* _The data_
'''

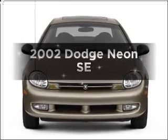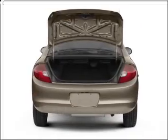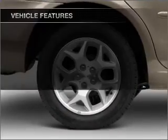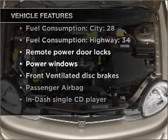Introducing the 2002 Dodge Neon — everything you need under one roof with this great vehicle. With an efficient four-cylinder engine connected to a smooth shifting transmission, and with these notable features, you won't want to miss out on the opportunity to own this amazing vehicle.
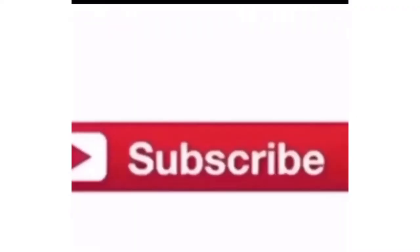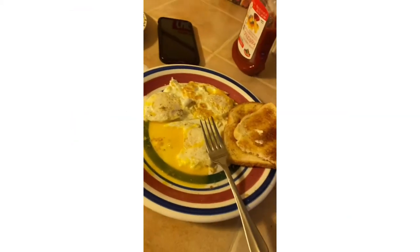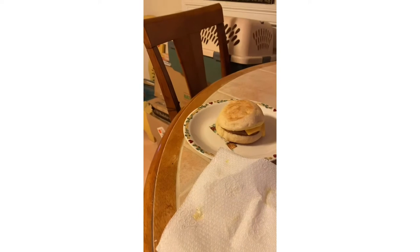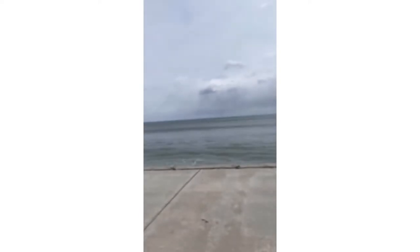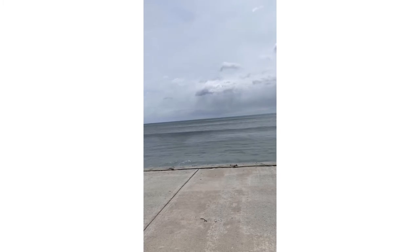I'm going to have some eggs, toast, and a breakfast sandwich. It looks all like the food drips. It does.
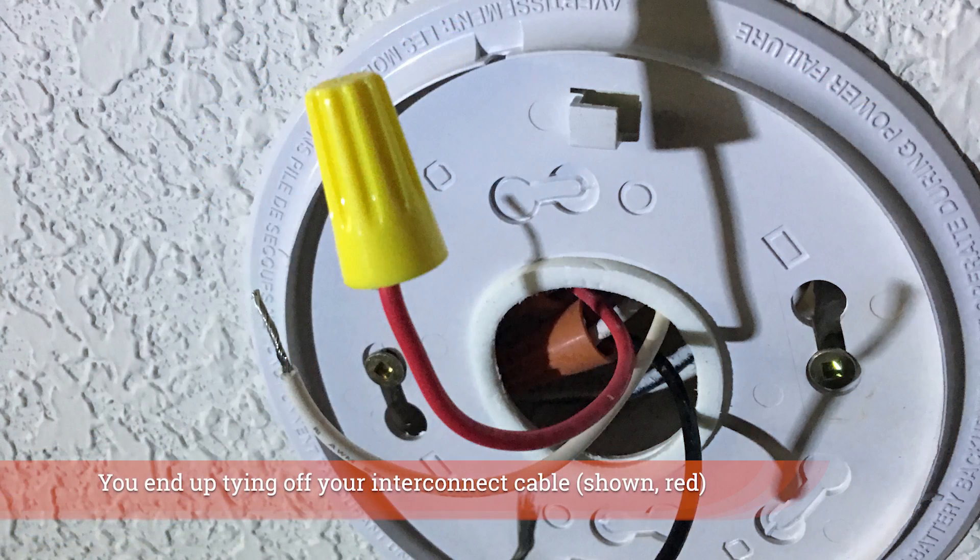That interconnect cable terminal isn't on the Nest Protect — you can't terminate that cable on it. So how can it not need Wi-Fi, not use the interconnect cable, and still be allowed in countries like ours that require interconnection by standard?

'''
'''

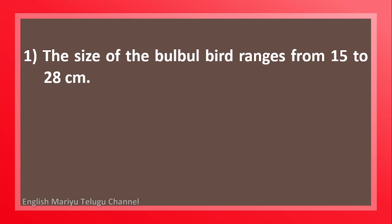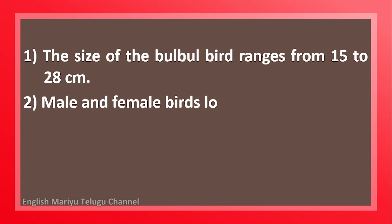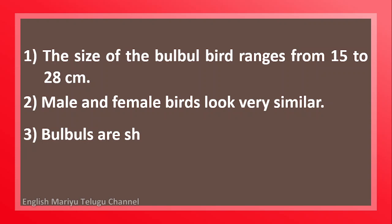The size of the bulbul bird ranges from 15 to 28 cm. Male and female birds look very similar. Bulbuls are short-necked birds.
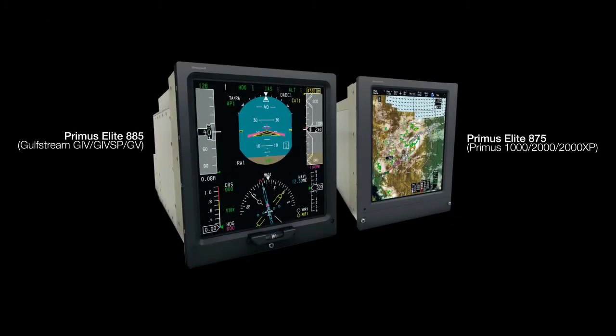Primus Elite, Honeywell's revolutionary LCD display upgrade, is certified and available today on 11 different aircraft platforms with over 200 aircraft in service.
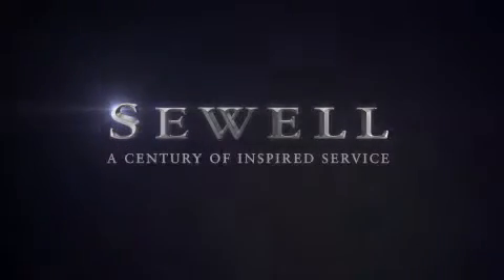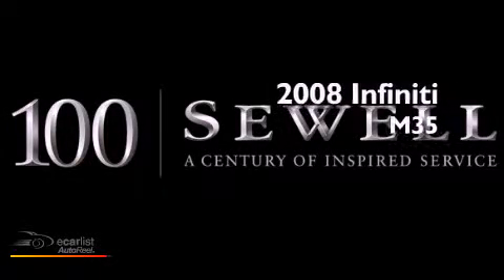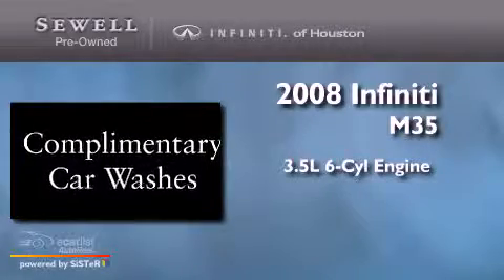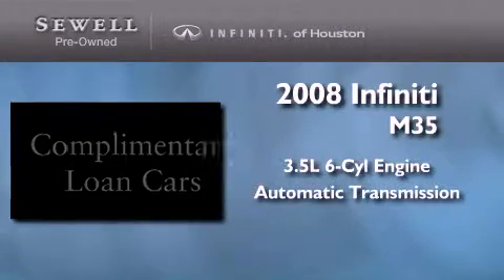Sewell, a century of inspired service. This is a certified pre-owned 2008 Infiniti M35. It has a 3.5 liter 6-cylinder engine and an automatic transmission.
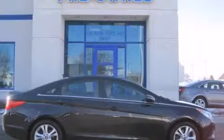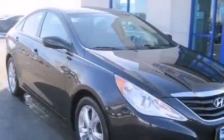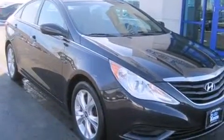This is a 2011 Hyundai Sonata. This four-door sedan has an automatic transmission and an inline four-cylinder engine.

'''
'''

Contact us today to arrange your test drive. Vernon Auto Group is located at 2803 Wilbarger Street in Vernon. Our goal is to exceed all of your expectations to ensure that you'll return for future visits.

'''

* _Task brief_
Only one stretch of the data is wanted: write out exactly the lines from the one holding "I'm going to" through the one holding "That interconnect cable", both included, without the pictures.

* _Problem solution_
I'm going to have some eggs, toast, and a breakfast sandwich. It looks all like the food drips. It does.
That interconnect cable terminal isn't on the Nest Protect — you can't terminate that cable on it. So how can it not need Wi-Fi, not use the interconnect cable, and still be allowed in countries like ours that require interconnection by standard?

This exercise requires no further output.